Originally Posted by Laurens

Last time I checked, Plucker Desktop came configured with global exclusion filters for well-known ad URLs (windcaster and such). Did no-one complain about their lost ad revenue?

No, because when those were created, most of those advertisers were forcing garbage ads, spyware, popups and other trash on the users. Better off without them, in most cases. Its a fine line, to be sure.

Quote:

Plucker and iSilo also ignore robots.txt, don't they? Now why is this a problem all of a sudden? And how does ignoring robots.txt make caching irrelevant?

I think you mean Plucker's python distiller, not Plucker itself.

Plucker is a viewer, primarily, which supports a document format that can be produced by many tools.

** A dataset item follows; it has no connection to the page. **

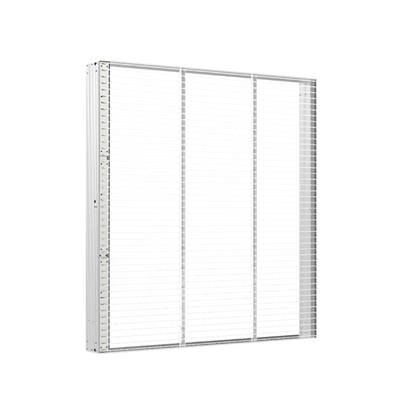 Modulo LED Transparente / Uso en Interior / Especial Para Aparadores o Ventanales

The two most-popular document creators for Plucker are currently the Python Distiller (used in Plucker Desktop), and Bill Nalens' C++ distiller. Until recently, the Python distiller did not support robots.txt; now it does.

There is also JPluck, Sunrise, pdaConverter, pler, Bluefish, and my own Perl spider (which, by the way, adheres to the robots exclusion specification, the first and until recently, only Plucker distiller to do so), and probably other tools that we don't know about that can produce a Plucker document using the Plucker document format. At least a dozen commercial companies are using the Plucker viewer and document format now for their core product suites.

But the reason caching pages and ignoring robots.txt makes caching irrelevant, is because you are allowing your tool to fetch content it is forbidden from fetching, via robots.txt. In many cases, the excluded portions of sites are dynamic, and the Last-Modified, Etag, etc. headers will either not be present, or will force a re-fetch. Its wasteful, and makes caching top-level pages irrelevant, if you allow someone to fetch dozens, hundreds, thousands of pages that are forbidden.

But its your tool, and you're free to adhere to the standards, or violate them, as you see fit.